4) "Youse all biters!" (Beat Street); swagger jacking.
Stylistically, this seems self-defeating as well (a bone which I have to pick with much of Korean society at large... but I don't want to get too aggy on 'em at this moment yet [Please Hammer, Don't Hurt 'Em!]). The very essence of a luxury good lies in connoting to others the sense of classic style and coolness: that the {w,b}earer is sufficiently entitled such that they can afford time and money on something which is stylish, functional, and blings hella bread. By cheapening the idea of a stylistic luxury item to the level of a common accessory, the idea of good taste flies out the window: if you wear a Louis item like a nouveau riche, it is not serving to lend you an air of class; you are lending it an air of banality.

What does it all mean?
So, then, why do so many desire the status conveyed by these items? What do these items say about an individual, if anything?
As I touched on in (1) and (2), above, the status of carrying such an item cannot be that one is wealthy: the prevalence of such items likely (I suspect) implies that owning an aspirational item does not necessitate the purchaser's entrance into a particular social class. Rather, it only implies that one values such an item as greater than the utility of other goods, services, and benefits which could be purchased for an equal amount of money (which is a troubling realization, in general, regarding aspirational items, especially when compared against the cost of, say, feeding or educating children, widows, etc., in much of the third world... but more acceptable, for various reasons which I may later articulate, for those with immense disposable incomes; less so, perhaps, for those without).
Also fairly obvious (again: highly subjective words) is that the value of such items does not lie in their ability to serve as accoutrements to a certain style or fashion of attire. I have seen luxury items acting in blatant counterpoint to the dress of the person carrying them: in fact, such a use of said items seems purposeful, highlighting flamboyant wealth through stark juxtaposition. It's tacky and tasteless: worse than meaningless, it points out a deficiency of fashion sense and style.
So, it seems, this is the purpose of such items: the brusque display of gross wealth.
But again: isn't this simply the purview of the nouveau-riche?
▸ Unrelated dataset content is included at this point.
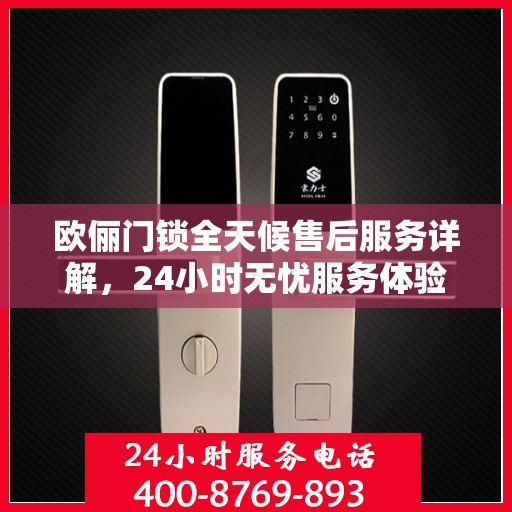 欧俪门锁全天候售后服务详解，24小时无忧服务体验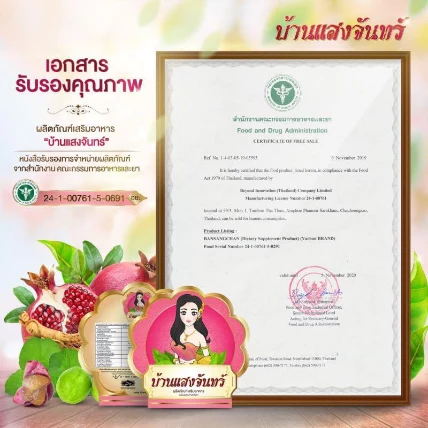 Nở ngực đông y Sane Nang (Ban Sang Chan) ảnh 7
Or the rustic fakir, making pretense of wealth but spending grotesque quantities of money in the wrong places: the entry-level BMW with the baller status rims.

I submit, then, that this is the sad state of affairs: aspirational brands, due to overexposure in popular society (along with a lack of imagination and comprehension of the source of such brands' popularity), have transformed from status symbol to sign of misappropriated and likely misused funds.

Corollary I - Fakes, and the negligible effects thereof:
Of course, it has come (and been brought) to my attention: such items may be, in large part, fakes. A sham, a gilded brass ring.

But does this change my argument in the slightest? Not at all. In fact, it only advances my argument that aspirational brands' function as status symbol has been surplanted by their status as emblem of a tragic lack of sartorial imagination and farcical aspersion to wealth, for reasons that ought to be fairly obvious.